- _RECORDED DATA_

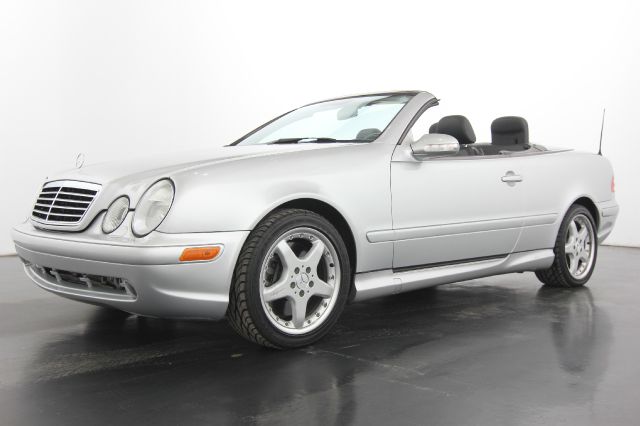 Mercedes-Benz CLK-Class 2002 photo 4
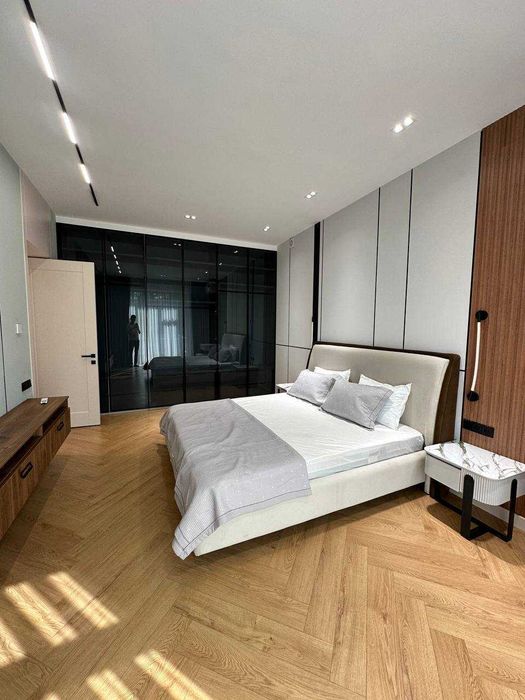 Улица Тараса Шевченко! 4-х ком квартира! После ремонта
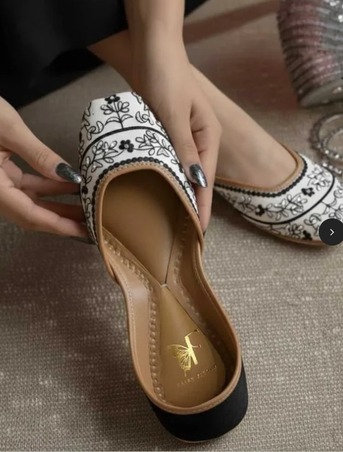 Mumbai, Clothing & Accessories, INR 3499,  Buy Black Juttis For Women &ndash; Handcrafted Ethnic Footwear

- _TASK ITEM_
An exact reproduction of the data is required, with pictures excluded.

- _PROBLEM SOLUTION_
 Mercedes-Benz CLK-Class 2002 photo 4
 Улица Тараса Шевченко! 4-х ком квартира! После ремонта
 Mumbai, Clothing & Accessories, INR 3499,  Buy Black Juttis For Women &ndash; Handcrafted Ethnic Footwear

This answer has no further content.